Gewerbe Olten

Zur Weihnachtsstadt mutieren – «Gewerbe Olten» präsentiert den Advent

Die Organisatoren des Detaillisten- und Gastrozirkels: von links Darko Bosnjak, Reto Spiegel, Dominik Maegli, Hans Ruedi Kern, Daniela Gaiotto und Misteryman Ralph Hubacher.

Die Organisatoren des Detaillisten- und Gastrozirkels: von links Darko Bosnjak, Reto Spiegel, Dominik Maegli, Hans Ruedi Kern, Daniela Gaiotto und Misteryman Ralph Hubacher.

Detaillisten- und Gastrozirkel von «Gewerbe Olten» präsentiert den Advent mit einem Adventskalender. Jeden Tag wird eines der vierundzwanzig Türchen durch ein Verkaufs- und Gastrobetrieb mit Aktivitäten gefüllt.

Am 7. Detaillistenzirkel, zu dem «Gewerbe Olten» am Mittwoch ins Astoria eingeladen hatte, waren erstmals auch die Gastronomen dabei.

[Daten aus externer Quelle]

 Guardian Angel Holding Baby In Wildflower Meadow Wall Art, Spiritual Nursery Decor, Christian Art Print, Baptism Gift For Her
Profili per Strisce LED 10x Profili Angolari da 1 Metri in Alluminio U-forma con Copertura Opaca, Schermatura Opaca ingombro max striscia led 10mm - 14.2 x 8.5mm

Erstens, weil die Oltner Restaurants in die vorweihnachtlichen Aktivitäten eingebunden werden sollen. Und zweitens weil der Marketingspezialist Ralph Hubacher diesmal auch Gastrobetrieben auf den Zahn gefühlt hatte.

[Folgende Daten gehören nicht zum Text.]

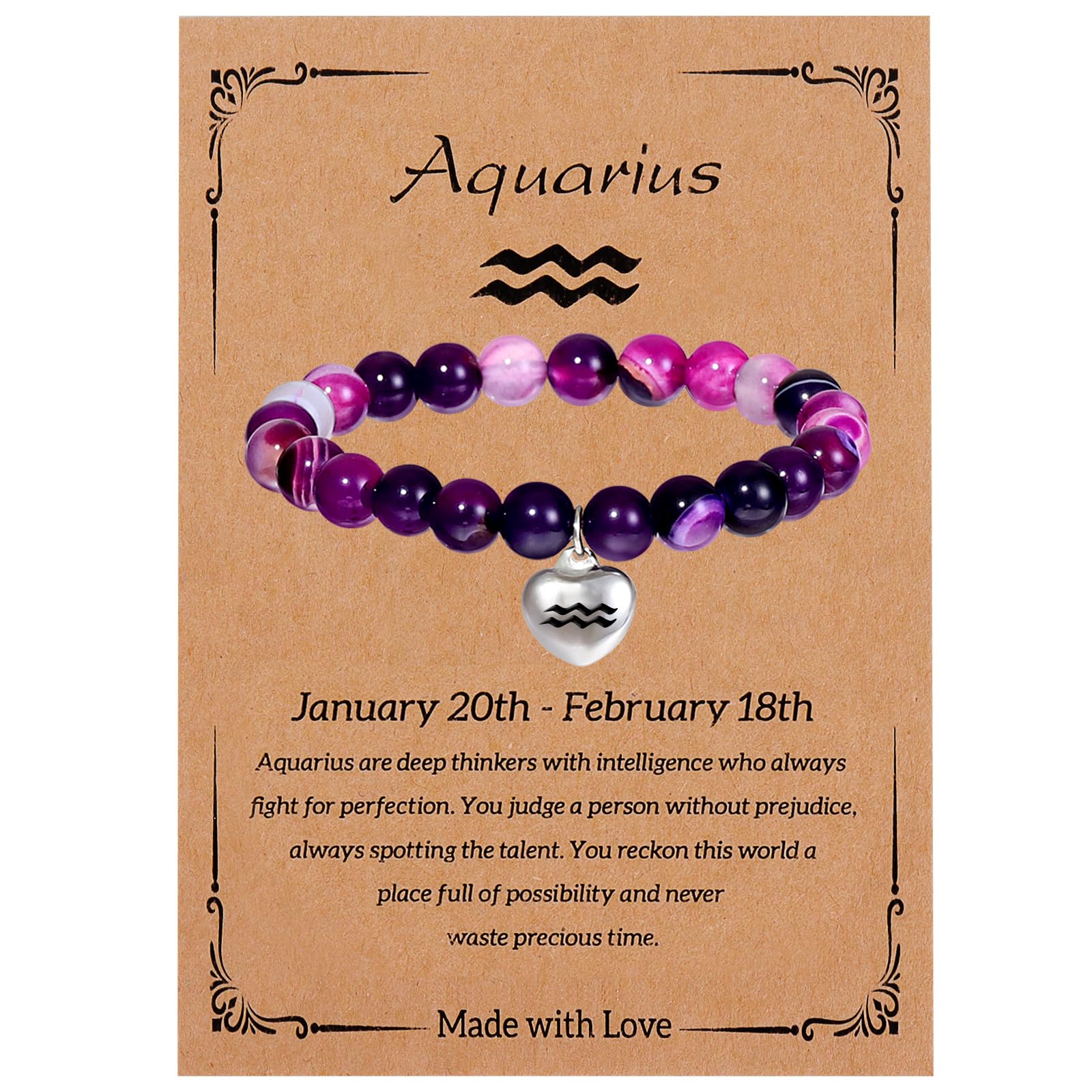 OFKAIS Zodiac Bracelet for Women & Girls - Natural Stone Horoscope Beaded Bracelet, Healing Crystal Jewelry for Birthday, Valentine's Day, Christmas & Year-End Gifts | Perfect for Daily Wear, Meditation & Spiritual Healing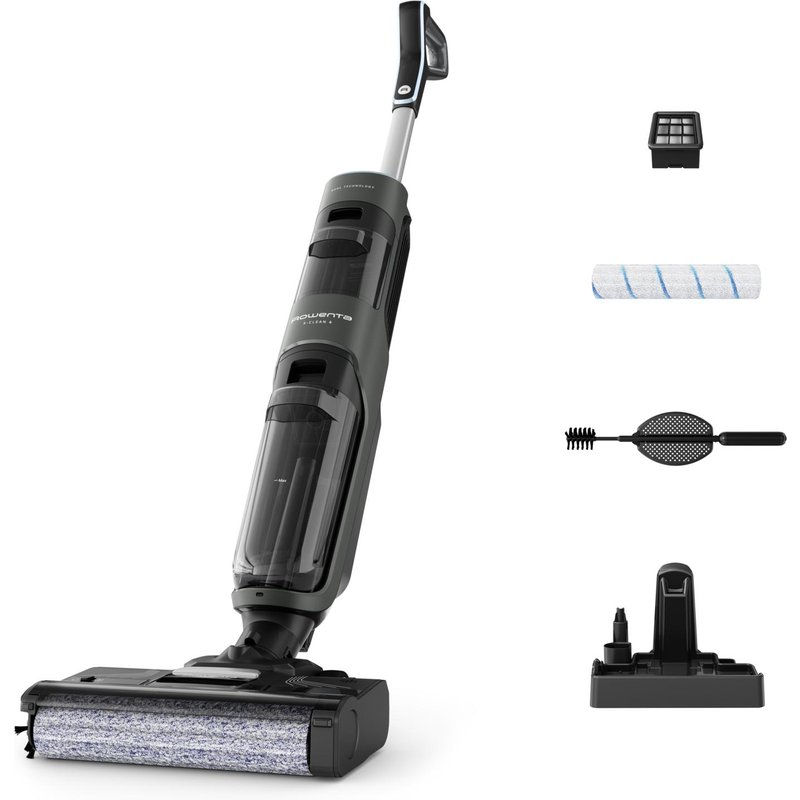 Rowenta X-Clean 4 Aspirateur laveur sans fil, Aspiration et lavage simultanés pour gagner du temps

«Olten ist die Stadt, in der im Dezember etwas läuft», leitete Vorstandsmitglied Dominik Maegli die geplanten Aktivitäten in der Adventszeit ein, «wir wollen als Weihnachtsstadt wahrgenommen werden». Dies soll etwa durch einen Adventskalender geschehen, bei dem jeden Tag eines der vierundzwanzig Türchen durch ein Verkaufs- und Gastrobetrieb mit Aktivitäten gefüllt wird. Neben den obligaten Guetzli gibt es Fondue am offenen Feuer, Fotoshootings oder Bretzelbacken, um nur einige Angebote zu nennen. An den Wochenenden treten lokale Musikensembles auf der Bühne am oberen Graben auf.

Mystery Shopper

Der Marketingspezialist Ralph Hubacher unternahm vor zwei Jahren eine Einkaufstour in Olten, besuchte inkognito einige Läden und erzählte anschaulich von seinen Erlebnissen. Heuer machte er sich nicht selber auf die Socken, sondern schickte drei Tester in die Geschäfte und diesmal auch in Restaurants.

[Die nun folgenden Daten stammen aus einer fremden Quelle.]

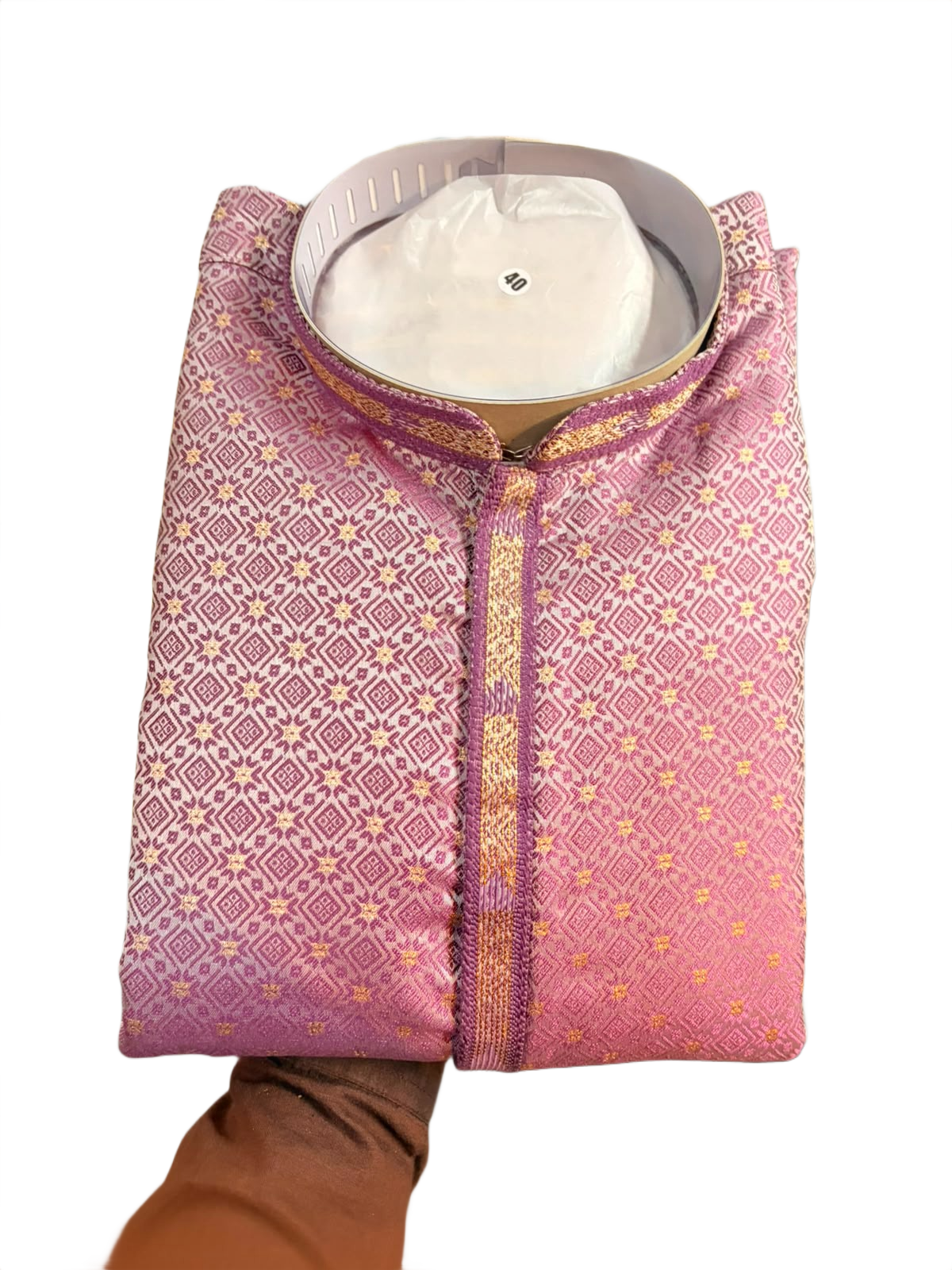 Men’s Mauve Pink Jacquard Kurta Pajama Set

Dabei stattete es eine junge Frau, einen Rentner und eine Familie mit einem Fragebogen aus. Hubacher zeigte die Auswertung beispielsweise der Begrüssung, Verabschiedung oder die Qualität der Beratung. Generell kristallisierten sich überraschend viele positiven Punkte heraus. Aber er konnte bloss vier Sterne vergeben. Das A und O ist das Personal, das seine Arbeit mit Herzblut macht. «Wir müssen noch besser werden», so die Schlussfolgerung von Mistery Shopper Ralph Hubacher. Es gelte 5-Stern-Niveau anzustreben.